DATA RECORDS:
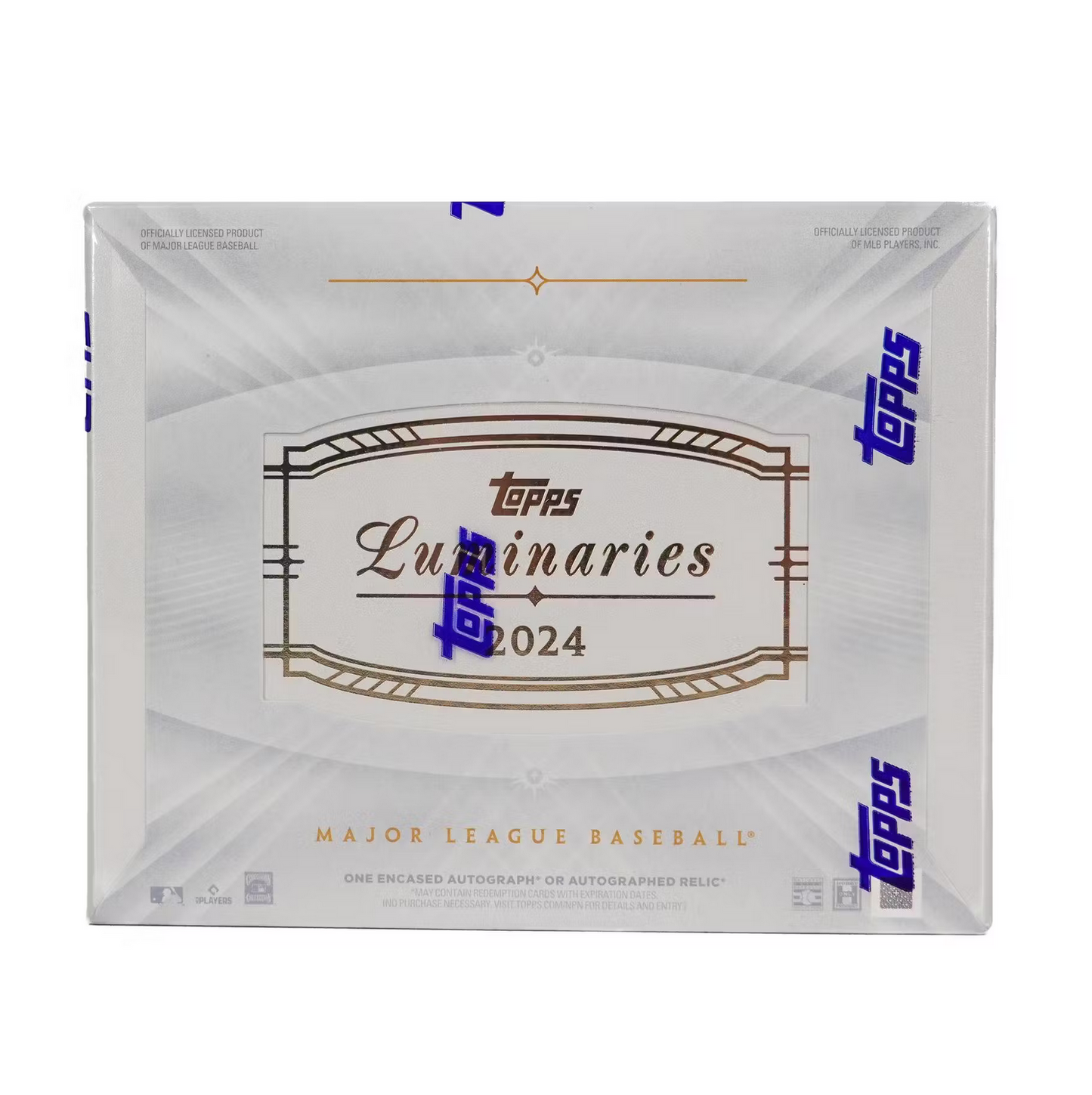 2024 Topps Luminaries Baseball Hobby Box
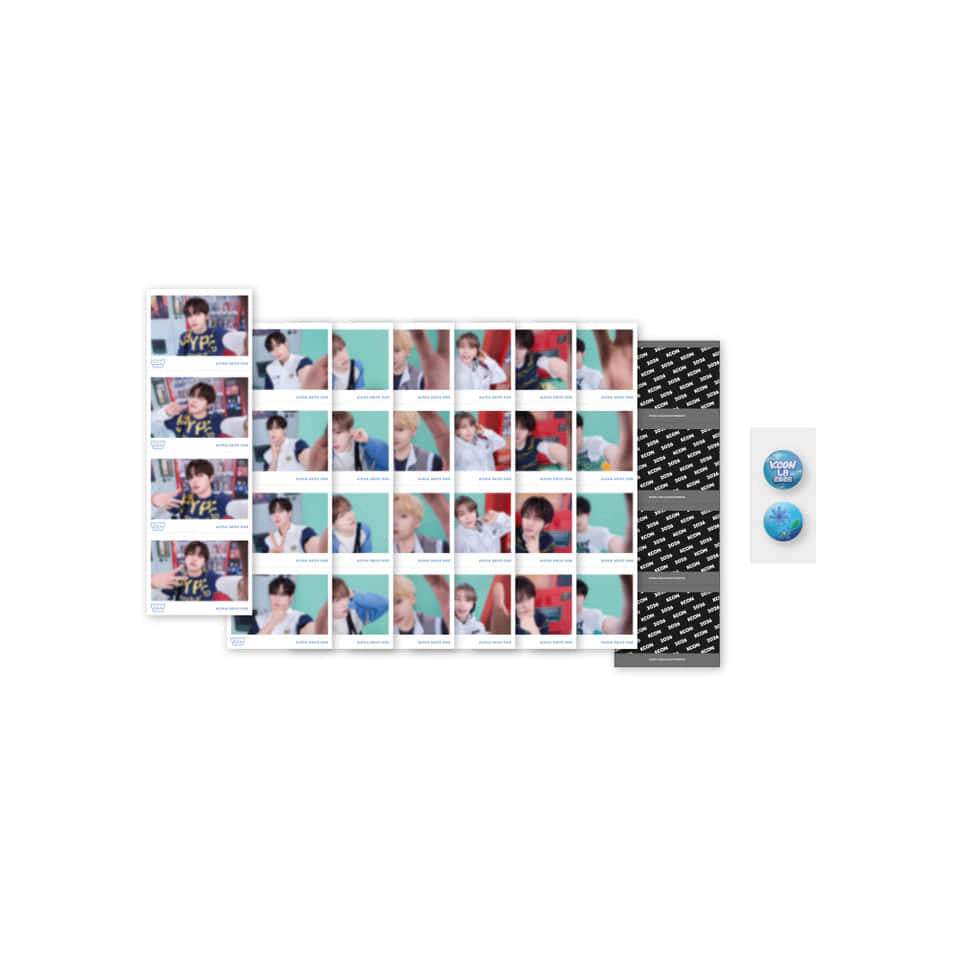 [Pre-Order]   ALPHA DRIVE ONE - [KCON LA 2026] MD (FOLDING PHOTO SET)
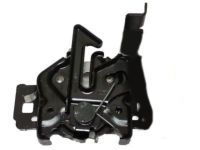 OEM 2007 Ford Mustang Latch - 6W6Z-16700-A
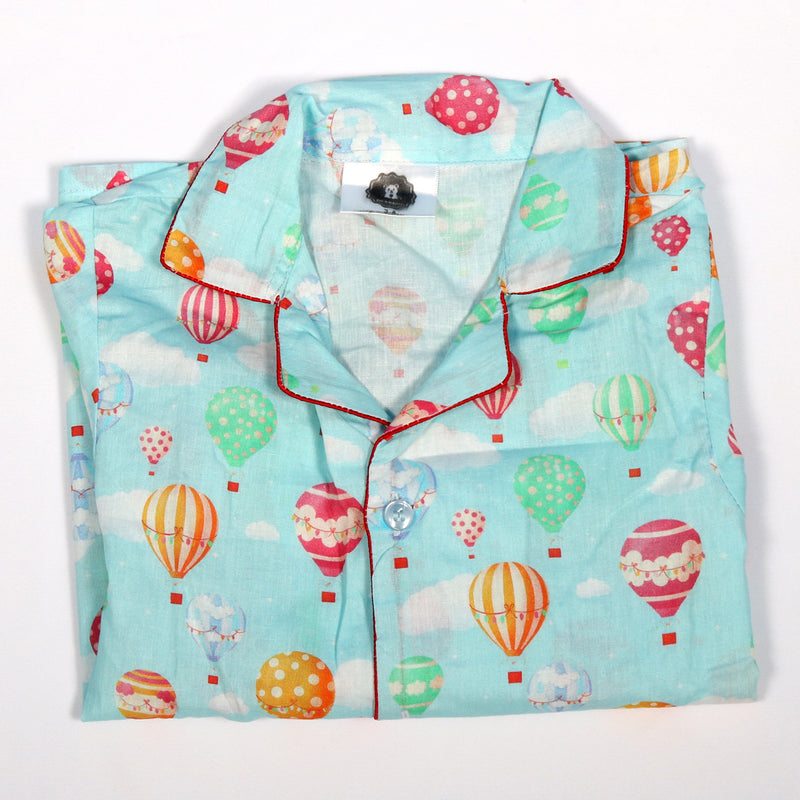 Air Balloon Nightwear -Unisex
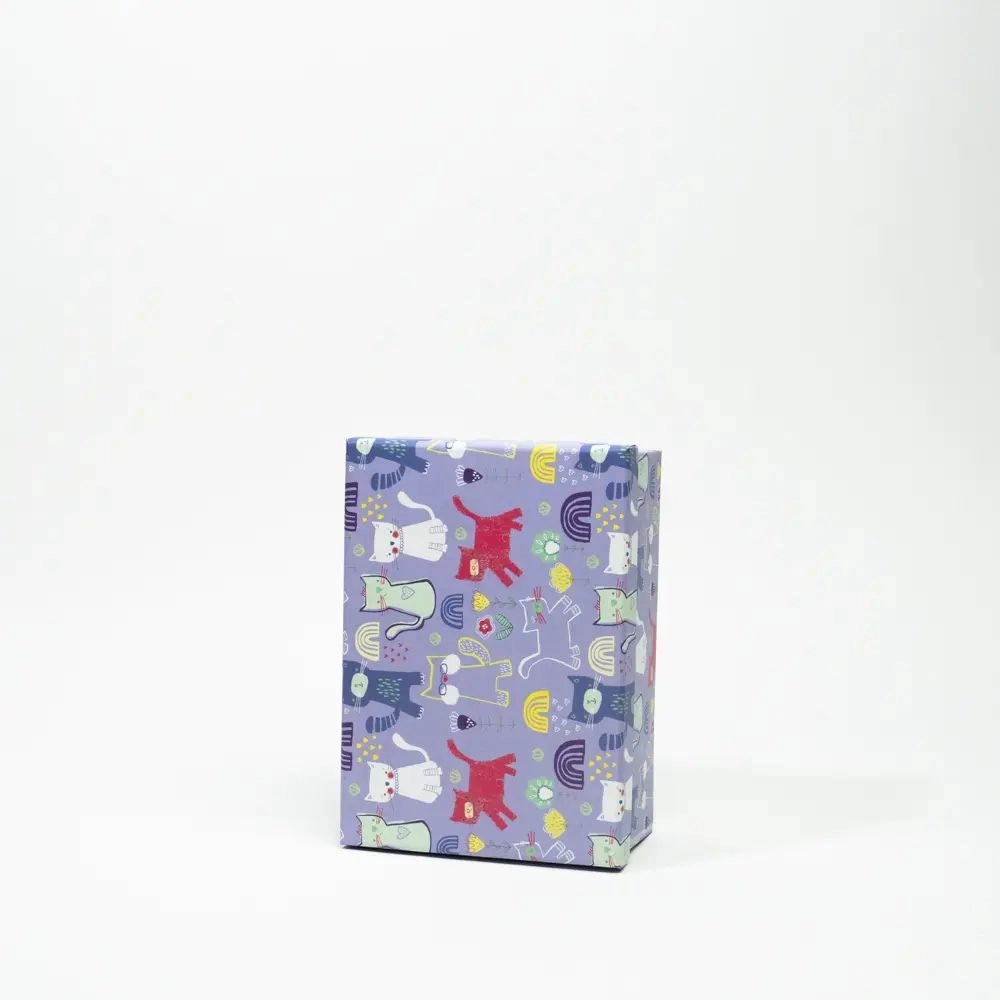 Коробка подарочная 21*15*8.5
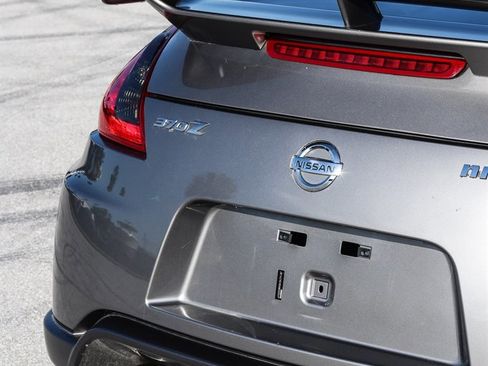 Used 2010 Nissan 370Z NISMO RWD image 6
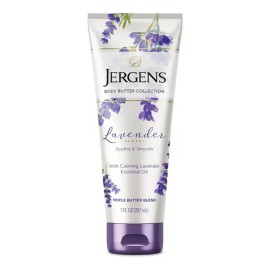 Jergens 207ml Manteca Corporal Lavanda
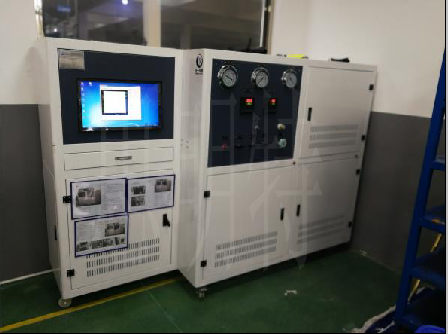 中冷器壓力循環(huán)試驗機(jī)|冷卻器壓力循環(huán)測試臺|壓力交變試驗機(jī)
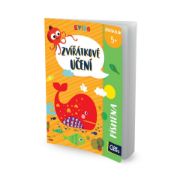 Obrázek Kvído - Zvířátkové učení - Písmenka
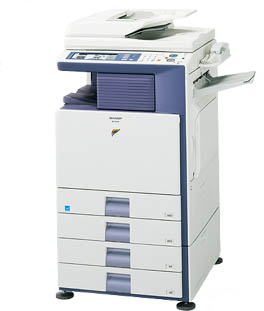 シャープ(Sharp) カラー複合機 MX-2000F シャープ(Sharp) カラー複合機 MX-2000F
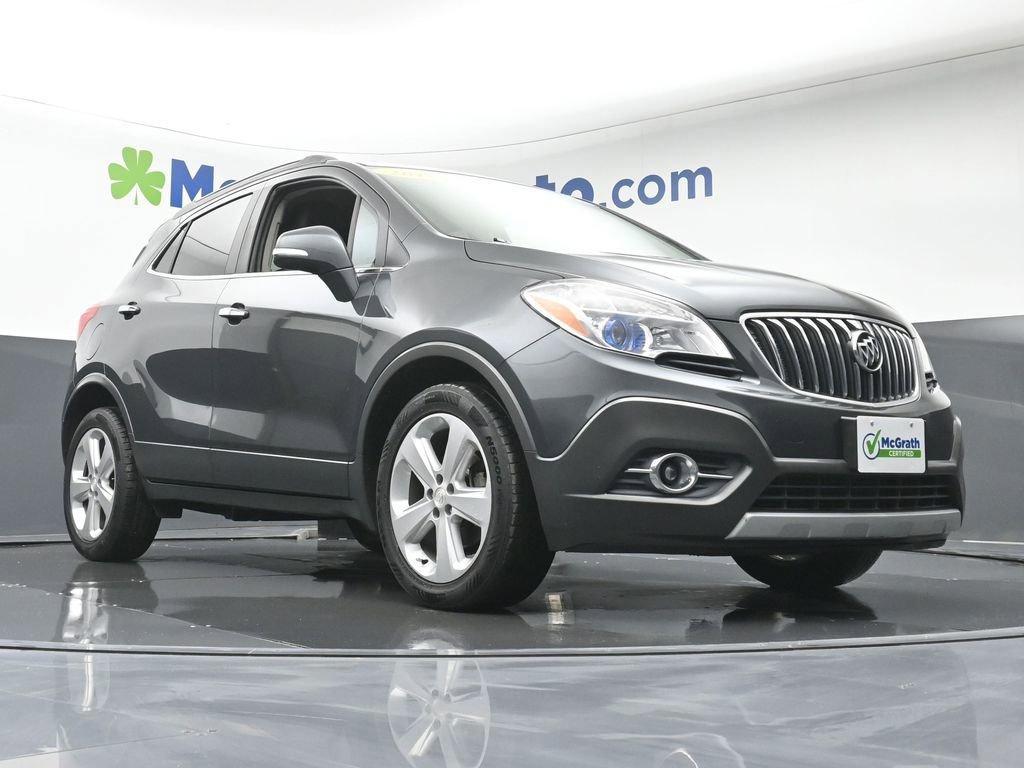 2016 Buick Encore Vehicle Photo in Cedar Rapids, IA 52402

INSTRUCTIONS TO FOLLOW: Exact reproduction is required. Output only the lines from the one with "シャープ(Sharp) カラー複合機 MX-2000F シャープ(Sharp)" through the end of the listing above, both ends included, and no pictures.

RESPONSE AREA:
 シャープ(Sharp) カラー複合機 MX-2000F シャープ(Sharp) カラー複合機 MX-2000F
 2016 Buick Encore Vehicle Photo in Cedar Rapids, IA 52402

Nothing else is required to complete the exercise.